Yes, that number is absurd. A normal person can maybe write a book a year, max. Stephen King can write two, but there's only one of him.

Maybe simple self-help books can be written a little faster, because they are shorter. A maximum set in words -- instead of books -- might work better; say 100-150k words per year?

But would that be enough? Wouldn't grifters create a multitude of accounts to publish their books?

Maybe the solution would be some kind of automated system to evaluate the quality of a book? It needn't be fine-grained, it would simply output "trash/non trash" and could try to test whether the book contains any new information not available elsewhere, or whether there are entire paragraphs taken verbatim from wikihow.

But AI-generated books may be hard to spot. Maybe there's no solution.

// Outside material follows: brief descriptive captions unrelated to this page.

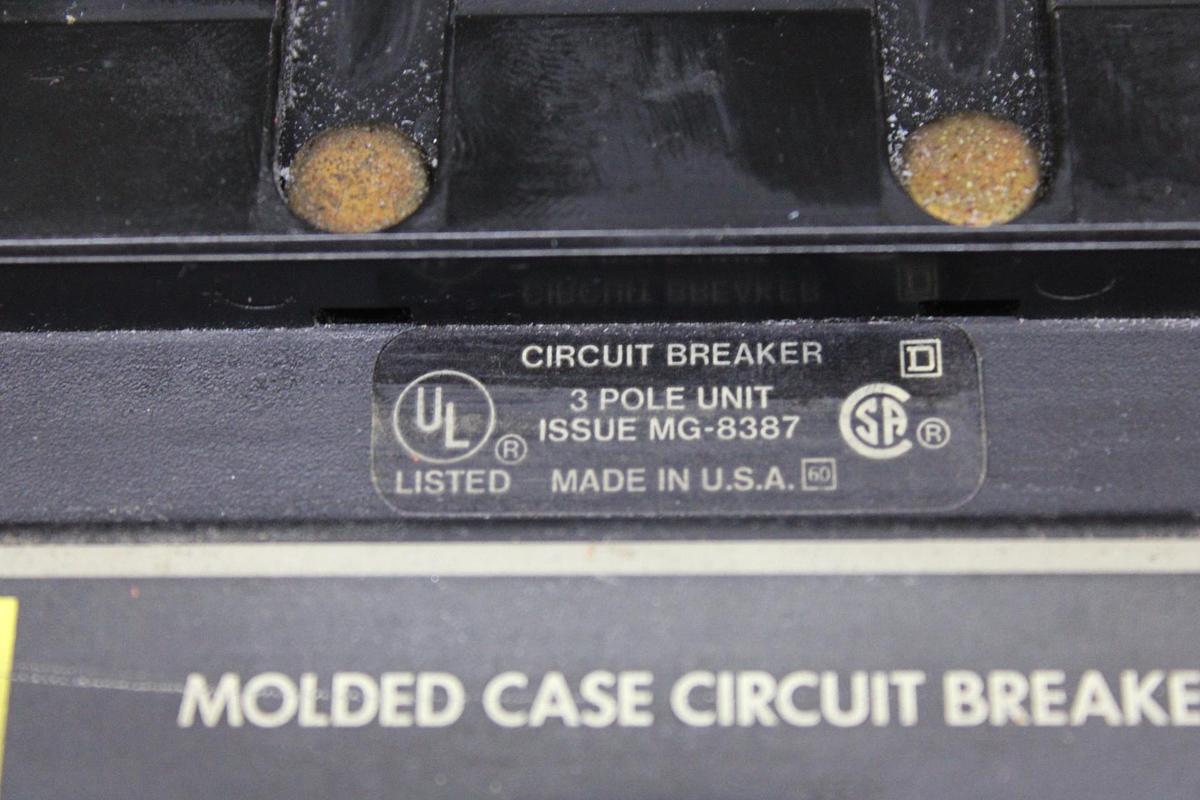Used SQUARE D I-LINE CIRCUIT BREAKER FH36020 20 AMP 600 VOLT 3-POLE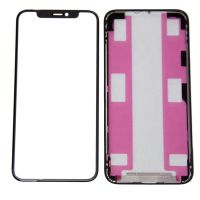 Стекло для Apple iPhone 11 Pro в сборе с рамкой и OCA пленкой <черный> ― Оптовый PromiseMobile
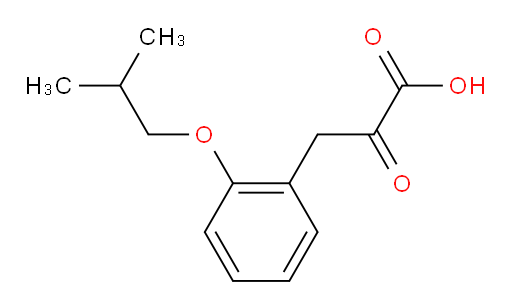 3-(2-isobutoxyphenyl)-2-oxopropanoic acid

3 per day is absurd, but so is a maximum of one book a year. Here are some people who beat that by miles: https://thebookslist.com/most-prolific-authors/


> The second most prolific fiction writer is Charles Hamilton, 1876-1961. It is basically impossible to count his books but he is known to have written more than 100 million words, which is the equivalent of 1,200 full length novels He also wrote about 5000 short stories.

Of course there will be outliers in any category, but even then... 100 million words divided by 60 years of activity (?) is 1.6 million words a year, every single year of that period. I don't think that's possible for just one man.

But ghostwriting is as old as writing.


At 40 hours per week that's only ≈770 words per hour on average, which seems achievable.